# 6610 fuel guage



## LQQKING4U (Aug 30, 2006)

Just bought a newer 6610, 1991 cab everything seems to work right except the fuel gauge, it always reads past full with key on or off doesn't move. this one has the fuel tank mounted low by the step also plastic. I haven't found the sending unit yet probley have to drop the tank. If it is a ground issue would it read full all the time? Thanks for any help


----------



## sixbales (May 18, 2011)

If your fuel gauge "always reads past full with key on or off doesn't move", I would suspect the gauge. Fuel gauges normally return to zero (empty) when the power is off. 

See instrument cluster parts diagram. Fuel gauge is item #10 (E5NN9207BA). Looks like you can get the fuel gauge separately. 

You have an auxiliary tank plus a regular tank with a float in each tank (items #29 & #30). Floats normally install from the top of the tank.

HTH.


----------



## LQQKING4U (Aug 30, 2006)

thanks for the reply, my instrument cluster is different from the picture. Mine is a 1991 the fuel and temp. gauge are not in with the rpm, the tank in the second picture looks right.


----------



## sixbales (May 18, 2011)

Sorry, I posted the first diagram on the list. There are a number of other instrument panel arrangements. Are any of these like yours??


----------



## LQQKING4U (Aug 30, 2006)

i think the last one is mine looks like part # D8NN9207AA any way to check gauge before i buy a new one. Thanks for the reply


----------



## sixbales (May 18, 2011)

If you have a voltohmmeter, check that you have ~12v to the gauge when the keyswitch is in the "on" position. This voltage comes to the gauge through a voltage stabilizer. Be careful not to ground/ short circuit it. 
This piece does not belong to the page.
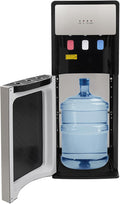 Silver Grey Hot & Cold Water Cooler Dispenser with Storage Cabinet and Child Safety Lock Y52728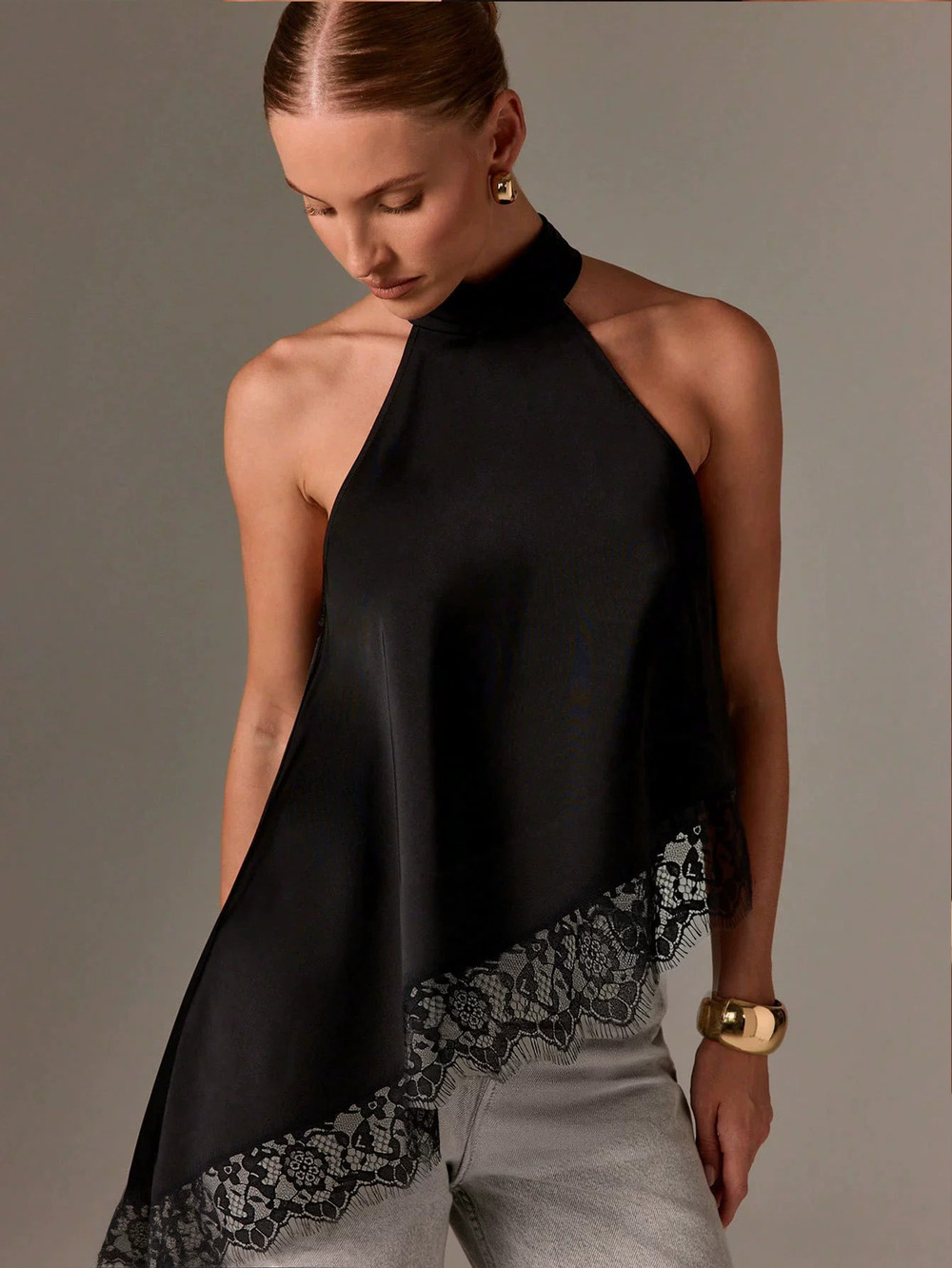 ZARA Satin Lace Patchwork Halter Sleeveless Stand Collar Off Shoulder Asymmetric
If you disconnect the wire that runs from the gauge to the fuel tank sending units, your gauge should go all the way to either "full" or "empty". Ground this gauge terminal and it should go all the way the opposite direction. 

If your gauge performs as described above, one or possibly both of your sending units is bad. If it does not, your gauge is bad. I don't know how they wired the two sending units together (Probably connected together in series).

Check the sending units in your tanks with an ohmmeter. The resistivity should change when you raise the float from bottom to top.


----------



## LQQKING4U (Aug 30, 2006)

Thanks for the help, i'll check it monday. This tractor only has one tank, plastic mounted by the step, couldn't afford to fill up two tanks. LOL


----------



## LQQKING4U (Aug 30, 2006)

Removed gauge today i can take 12v + - and make the needle go empty to full and back. the socket it was pluged into has 12v on the left, .017 ohms on the right i'll try the sending unit next


----------



## RC Wells (Dec 26, 2008)

A very common problem in the JD's with the plastic tanks is that the ground wire pops off the tank on the fuel sender ring.

If you can reach the sender ring, not the sender terminal, and ground it to the frame and the gauge starts working you will have identified the problem. Then look for the wire that connects to the ring and make sure it is good and connected.


----------